Ces réformes ne trancheraient pas le différend philosophique sur les frais forfaitaires ou différenciés. Elles rendraient le différend plus honnête. Un modèle à un seul frais pourrait subsister si les membres préfèrent sciemment l'égalité de club et la simplicité. Un modèle par catégorie pourrait revenir si les membres décident que l'incidence importe davantage. Un hybride pourrait émerger: un frais de base bas, un supplément modeste basé sur les ressources, des frais distincts pour les services à coût élevé et un financement explicite pour les biens publics.
Le changement le plus important serait conceptuel. RIPE NCC devrait être évalué non pas comme une institution technique bienveillante au-dessus de l'économie, mais comme un club avec des caractéristiques de monopole et des incitations fiscales. Cela ne diminue pas son importance. Cela clarifie les devoirs qui accompagnent l'importance.
Le grand livre a besoin de résilience. Les membres ont besoin de responsabilité. Les petits opérateurs ont besoin de charges fixes plus faibles. Les grands détenteurs ont besoin de règles prévisibles et non extractives. La communauté au sens large a besoin de certains services partagés.
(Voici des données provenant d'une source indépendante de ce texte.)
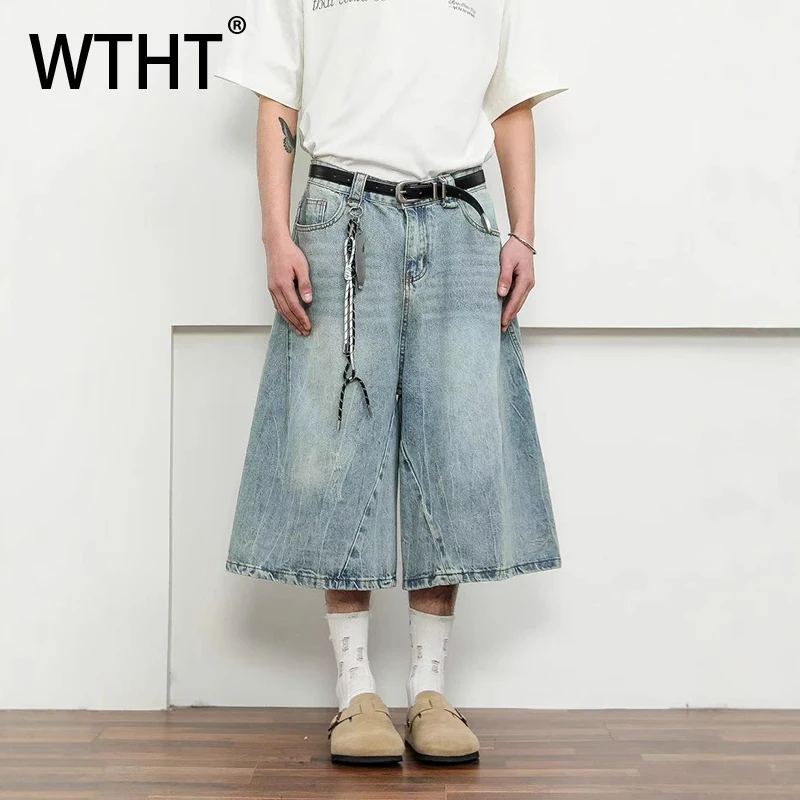 Мужские джинсовые шорты WTHT Fashion с эффектом потертости и вставками, винтажные, широкие, свободные, лето 2026, модель 2A2965
Мужские джинсовые шорты WTHT Fashion с эффектом потертости и вставками, винтажные, широкие, свободные, лето 2026, модель 2A2965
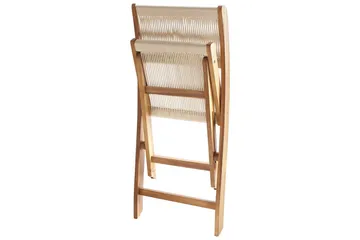 Fällbara utemöbler Prossedi - Beige, ljust trä - Utemöbler & utemiljö - Utegrupp - Matgrupp utomhus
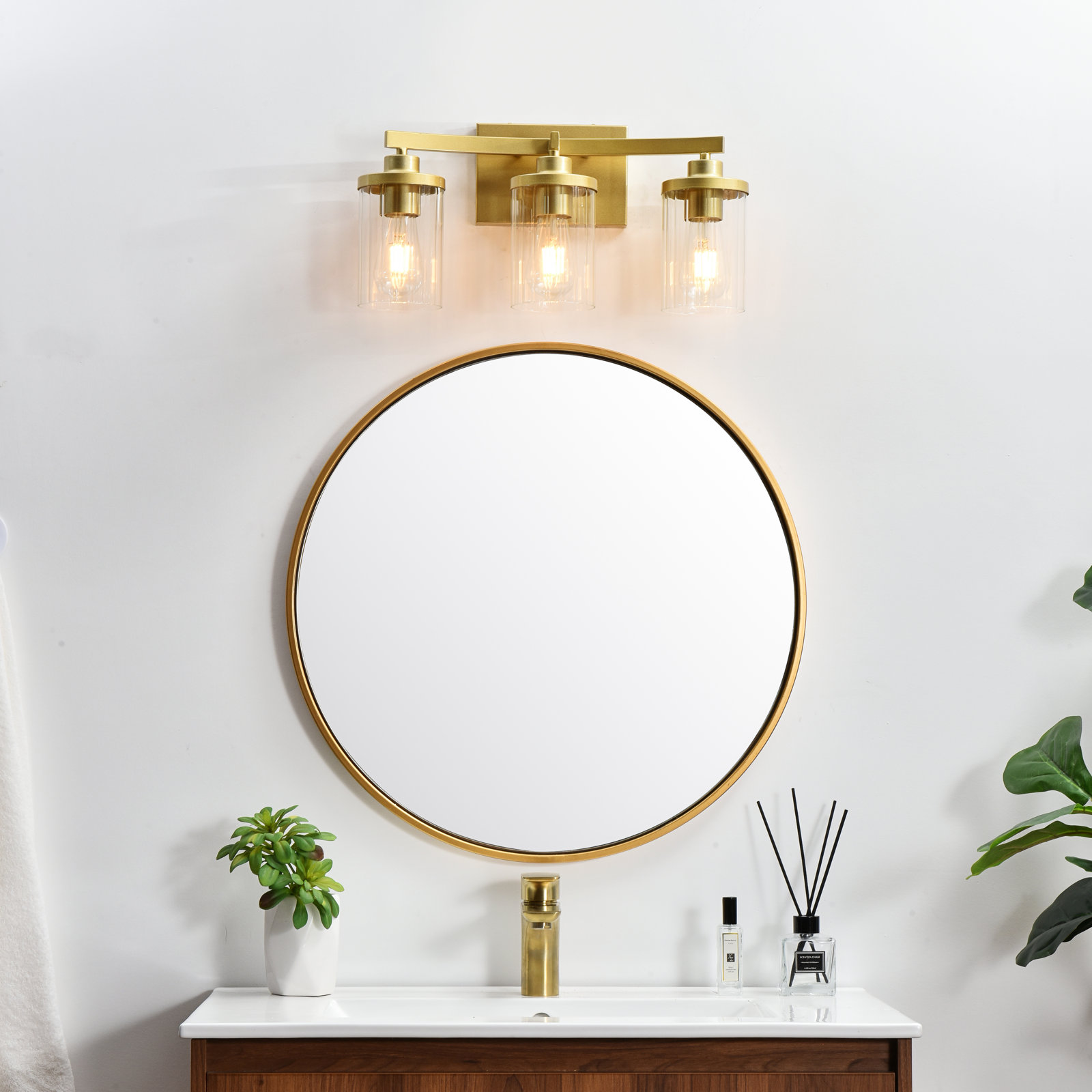 Dariela Dimmable Vanity Light, 10" H x 18" W x 18" D, Gold, 3 Lights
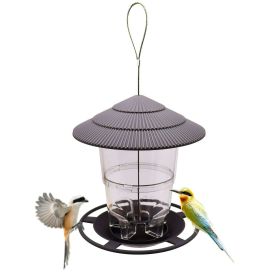 Outdoor garden hanging hummingbird feeder; retractable hummingbird feeder; bird feeder (Color: Brown-2)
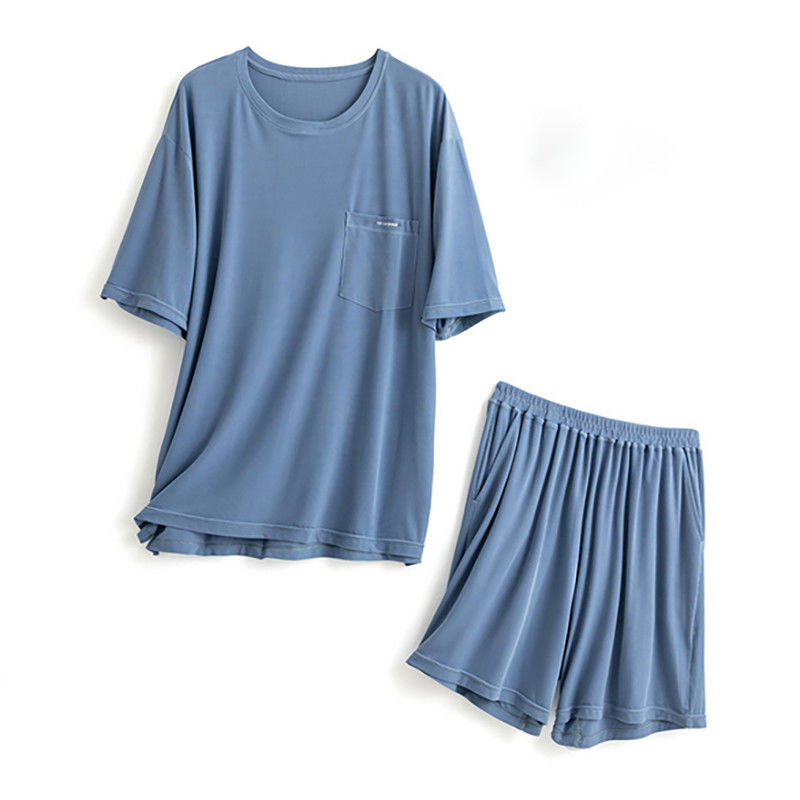 Gli indumenti da notte degli uomini di seta di XXL hanno tricottato l'estate blu di pigiama del vestito di notte del petto di 114cm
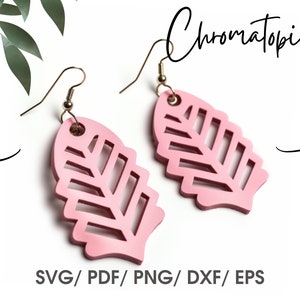 Abstract Feather Shape Faux leather earring svg - SVG cut file - Dangle Earrings template for Cricut or Silhouette
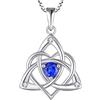 starchenie Collana con Nodo Celtico Collana con Pietre Portafortuna a Cuore in Argento 925 per donna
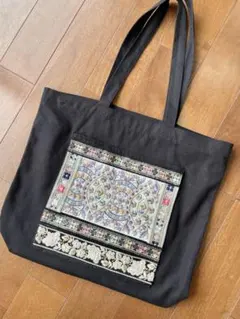 早い者勝ち+° A4入るインド刺繍リボントートバッグ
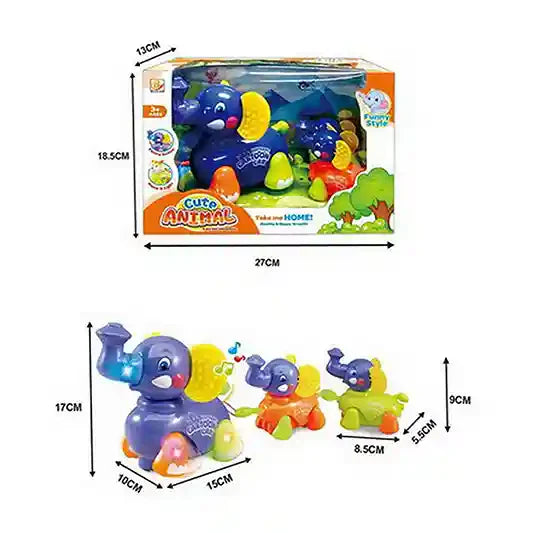 CUTE ANIMAL - B/O BUMP AND GO ELEPHANT-W/LIGHT AND MUSIC - DK462884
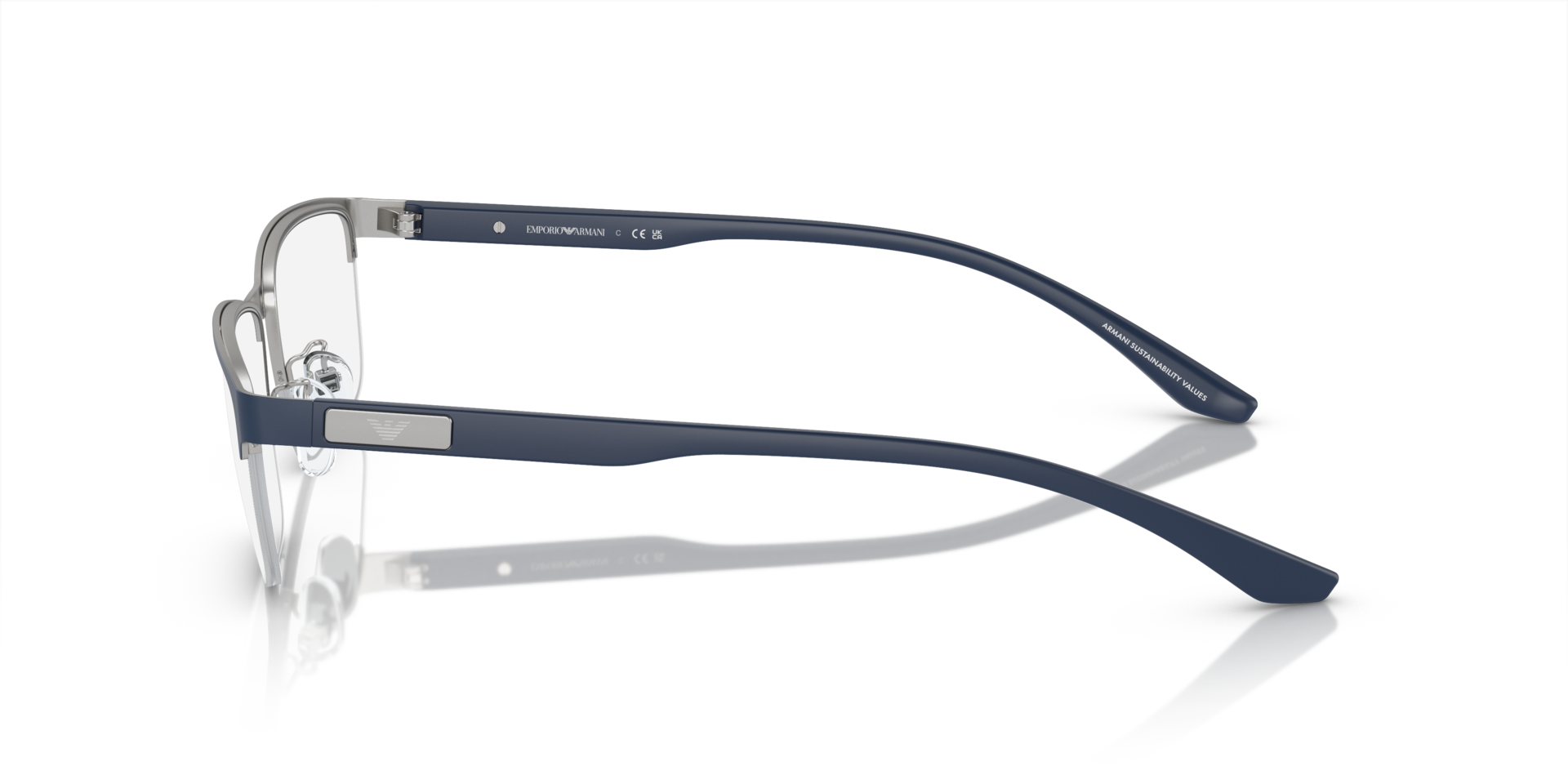 EA1147 Matte Silver & Bluette MetallEyeglass Frames von B24, Seitenansicht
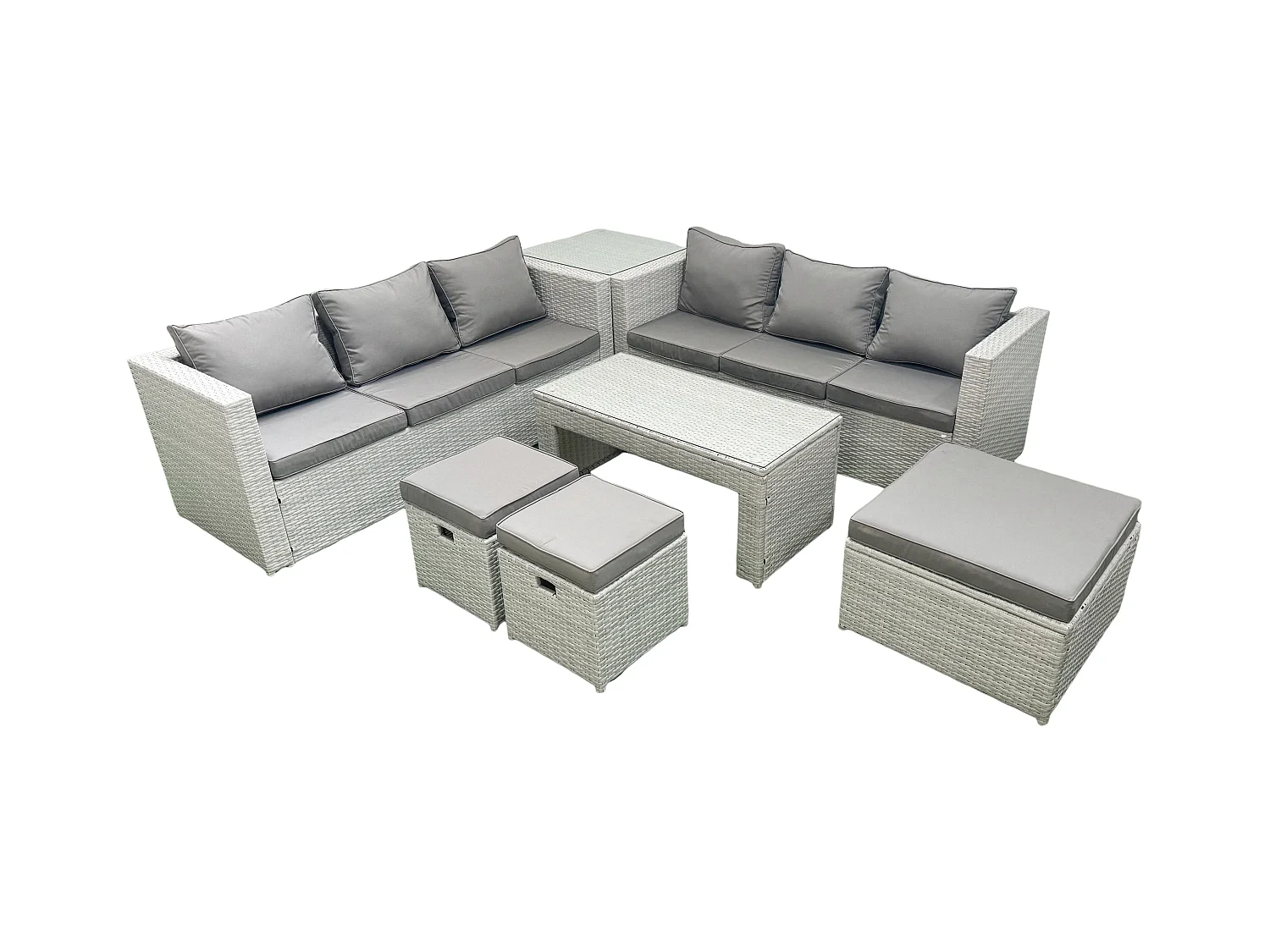 9 places Salon de Jardin Extérieur Canapé de jardin en rotin Table basse oblongue avec 3 Tabourets Table d'appoint Gris clair mixte
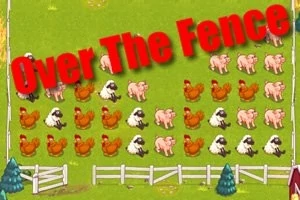 Pășune verde cu oi, porci și găini, încadrată de un gard alb, cu textul „Over The Fence” scris deasupra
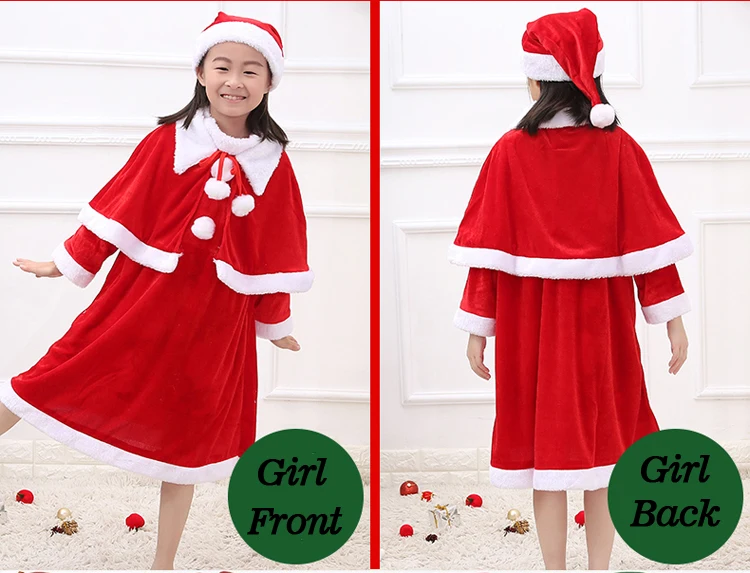 Red Flannelette Children Christmas Costume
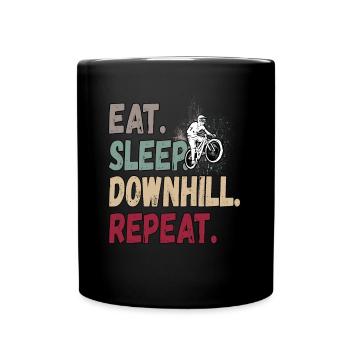 Eat Sleep Downhill Repeat Mountains Retro Wave Vintage - Full Colour Mug - black - Front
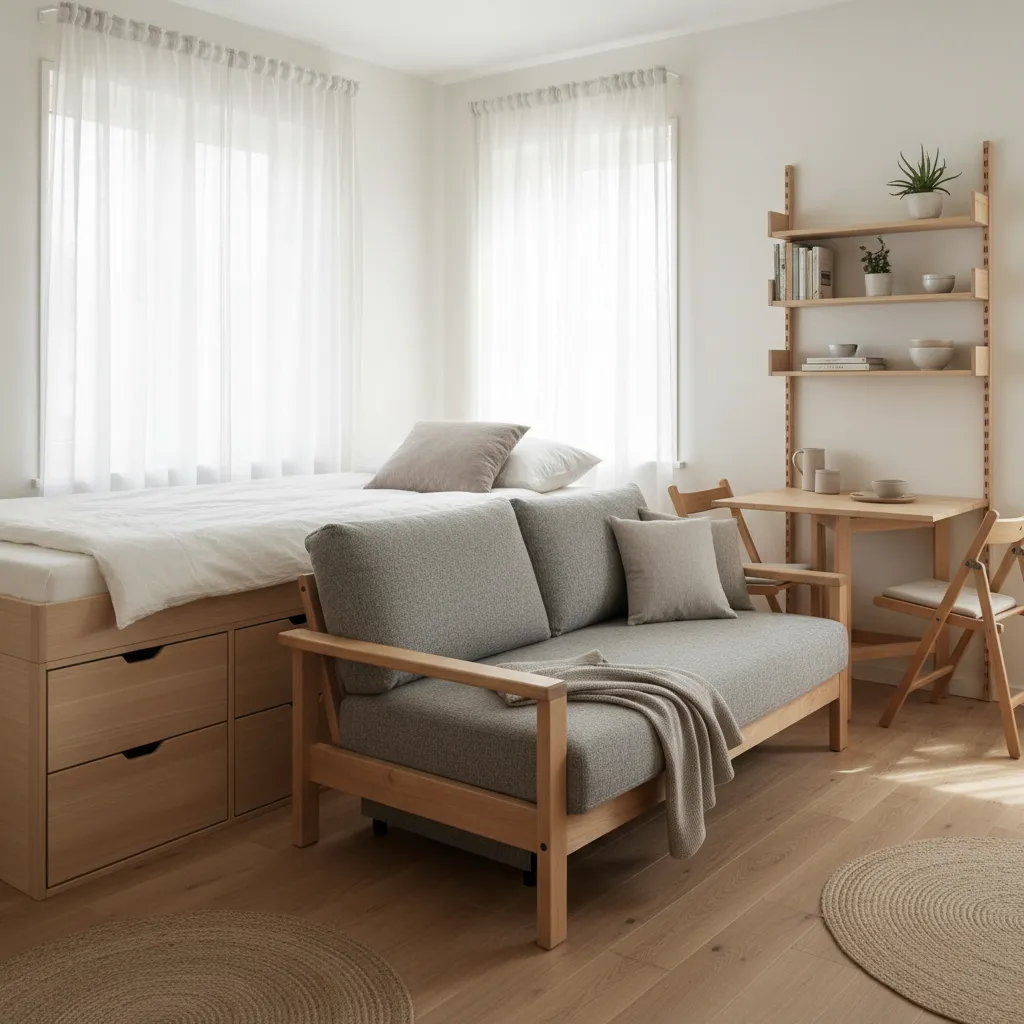 Muebles multifuncionales en un apartamento pequeño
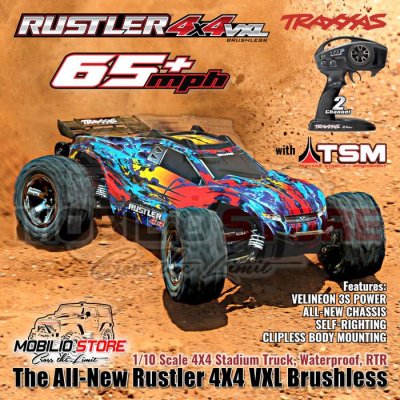 Traxxas Rustler 4X4 VXL Brushless 1/10 Scale 4x4 Truck Waterproof RTR
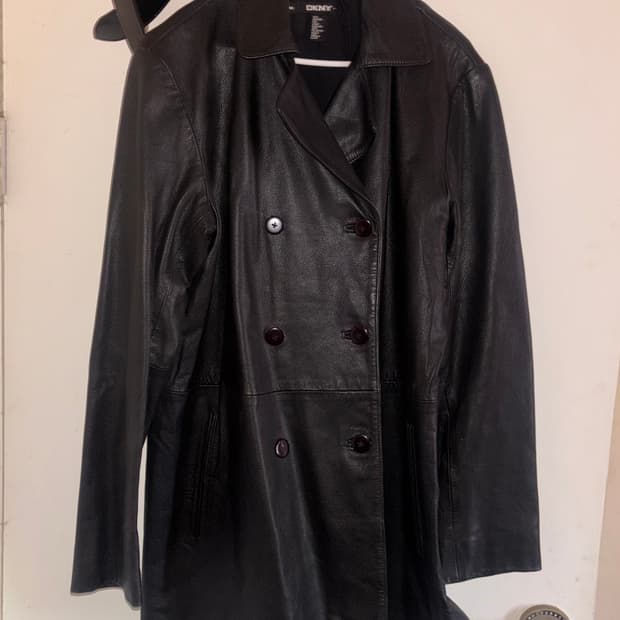 90s DKNY 레더 피코트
L'institution a besoin de suffisamment d'argent pour fonctionner sans transformer chaque défi en crise. Ces objectifs sont conflictuels. Un registre mature ne prétend pas qu'ils ne le sont pas. Il conçoit pour le conflit.
Le grand avantage de RIPE NCC est qu'il dispose encore des outils pour le faire: des comptes publiés, des votes des membres, un personnel professionnel, un budget détaillé, un mécanisme de réserve, des consultations publiques et une culture qui reconnaît au moins la nécessité d'explications. Son grand risque est la complaisance née de cette même stabilité. Un club stable peut glisser vers une ampleur coûteuse plus discrètement qu'un registre défaillant ne le peut. Il peut convertir la résilience en habitude, l'habitude en droit acquis, et le droit acquis en inertie fiscale.
L'économie des frais, des réserves et des incitations n'est donc pas une question secondaire. C'est le test concret de la capacité de RIPE NCC à rester une institution de grand livre neutre tout en finançant un rôle beaucoup plus large. La réponse ne se trouvera pas dans les déclarations de mission. Elle se trouvera dans la facture, la politique de réserve, le budget juridique, le prochain vote sur le système de facturation et la volonté de séparer le coût de la tenue du livre des ambitions du comptable.